Nejc Kodrič, the CEO of Luxembourg-based Bitstamp, told Business Insider that average new customer sign-ups rose from between 5,000 and 10,000 a day at the start of 2017 to over 100,000 a day by the end of the year.
“At the peak, it was 137,000 accounts opened [on one day],” Kodrič said.
“There is a very strong correlation between price and the amount of new users. If you look at the graph, you can quickly figure out when it really started. For us, the whole year was just gradual growth up until the last quarter [of 2017], then it just exploded.”
Bitcoin rocketed over 1,500% against the dollar last year, rising from around $US440 per coin at the start of 2017 to a peak of over $US19,000 in December. The cryptocurrency has since come off its highs and has crashed to below $US12,000 on Tuesday.

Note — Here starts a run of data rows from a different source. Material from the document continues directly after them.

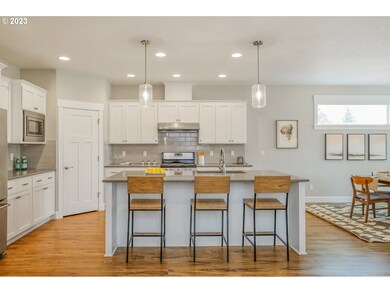 1238 Vista Oaks Dr, Forest Grove, OR 97116 - photo 5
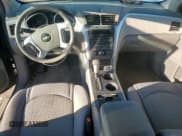 ✅ 2011 Chevrolet Traverse 1LT • VIN: 1GNKVGED1BJ166000 • Lot: 85398195. Wystawiony na Copart z przebiegiem 141 783 mil. Bezpłatny archiwum sprzedaży aukcyjnych z USA i szczegółowy raport historii pojazdu na DreamBid. Zdjęcie 8.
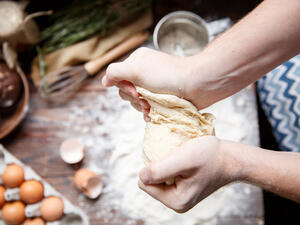 يجب ترك العجينة لمدة ساعة قبل الخبز

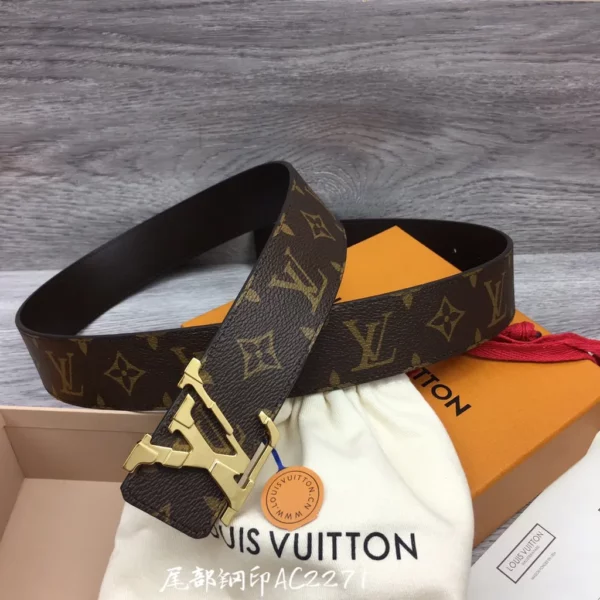 Louis Vuitton belt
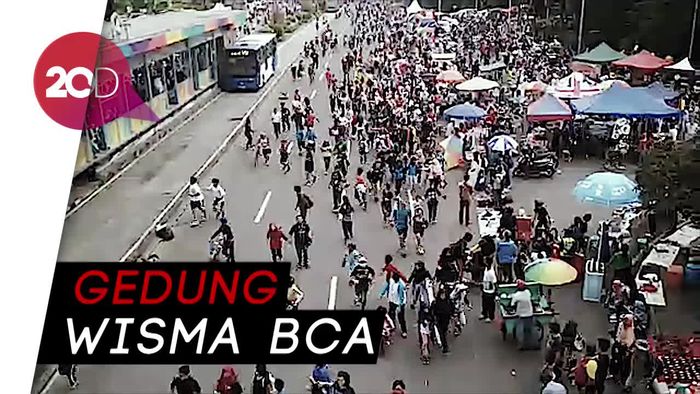 Kepanikan di CFD Thamrin karena Teriakan Gedung Roboh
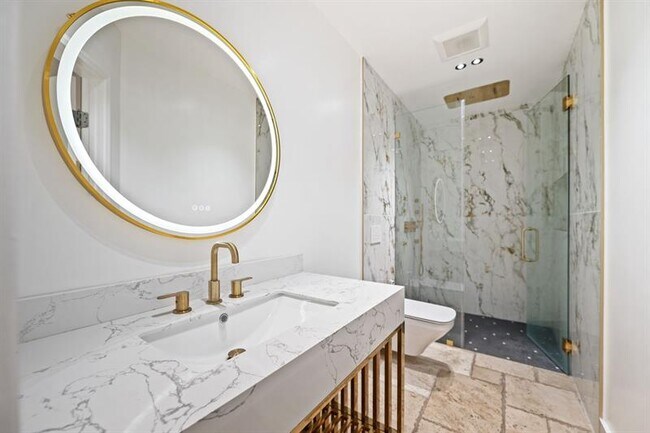 Building Photo - 5220 N 31st Pl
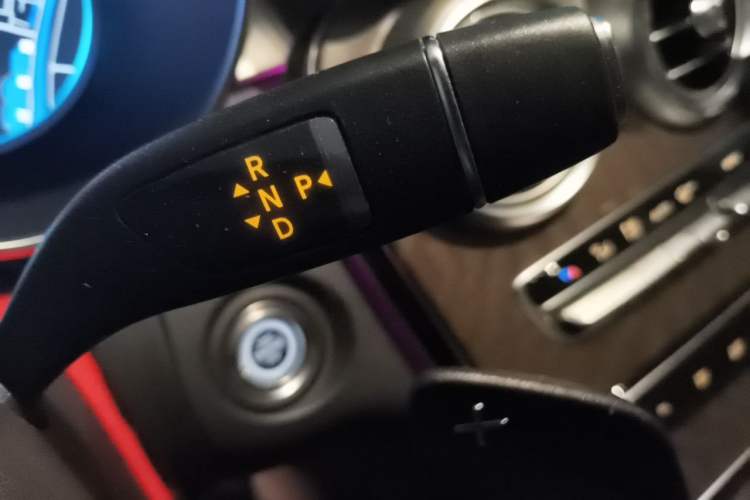 Used Mercedes-Benz GLC 2020 GLC 260 L 4MATIC Luxury Model Gear Lever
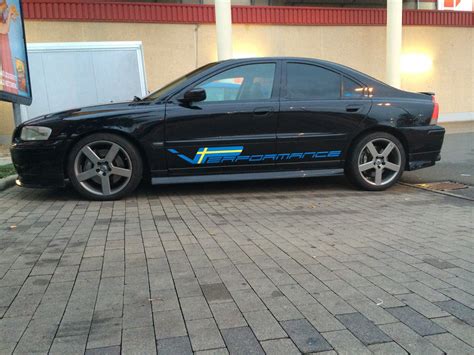 2004 Volvo S60 R awd 1/4 mile Drag Racing timeslip specs 0-60 ...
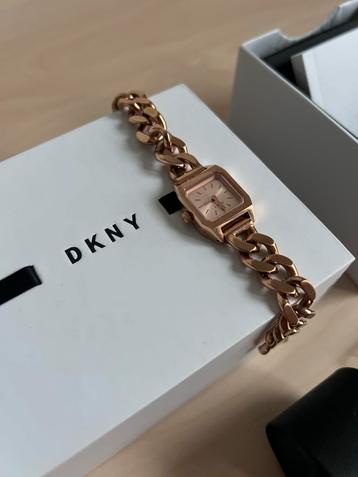 DKNY Dameshorloge – Roze/Goudkleurig – Elegant & Stijlvol beschikbaar voor biedingen
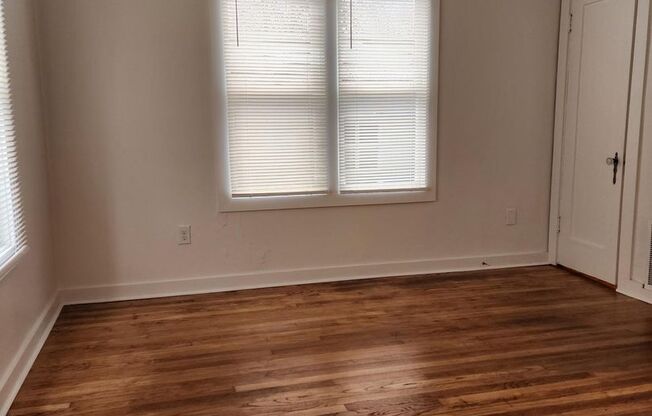 1 bed, 1 bath, 540 sqft, $700, Unit 617 NW 25th St Apt A Downstairs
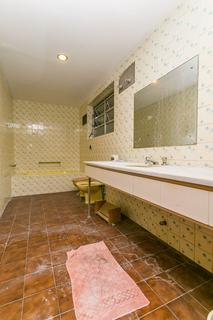 Image 34 - 215224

Kodrič told BI that Bitstamp grew its headcount last year to cope with the sign-up surge, from a “few dozen” to between 150 and 200 staff. Some teams, such as onboarding and customer service, grew tenfold.
Even still, Kodrič said: “Our team, plus two third-party providers, are still not enough to keep up with the demand. We are maxing out the capacity that those two companies provide to us and it’s still not enough.”
“All of the exchanges right now have a problem with just the surge in the massive, massive amount of new users,” Kodrič said.
Some users have taken to Twitter to complain of sign-up delays of 1 to 2 weeks on Bitstamp, but Kodrič said the company is beginning to bring this time down.
“We cannot guarantee that someone will be onboarded that we would like – we cannot onboard somebody in 24 hours, which is what we would want to achieve – but we are getting there with the improvements we are making,” he said.
Bitstamp is also dealing with a backlog of customer service enquiries, Kodrič said.
“The profile of new users has changed a bit,” he said. “We’re getting more mainstream users who are not that savvy with investing. That just brings a mass of support tickets with questions, basic questions. That is clogging the system.”
Bitstamp, founded in 2011, has 3 million registered accounts and 500,000 active trading accounts. The exchange, which is the only licensed platform in Europe, is the 14th biggest in the world and had a 24-hour trade volume of $US320 million as of Monday afternoon.
Bitstamp has “more than enough internal cashflow to sustain the growth of the company,” Kodrič said.
Bitstamp raised £7 million ($US10 million) from Pantera Capital in 2013 and £1.7 million ($US2.4 million) through a crowdfunding campaign at the start of 2017.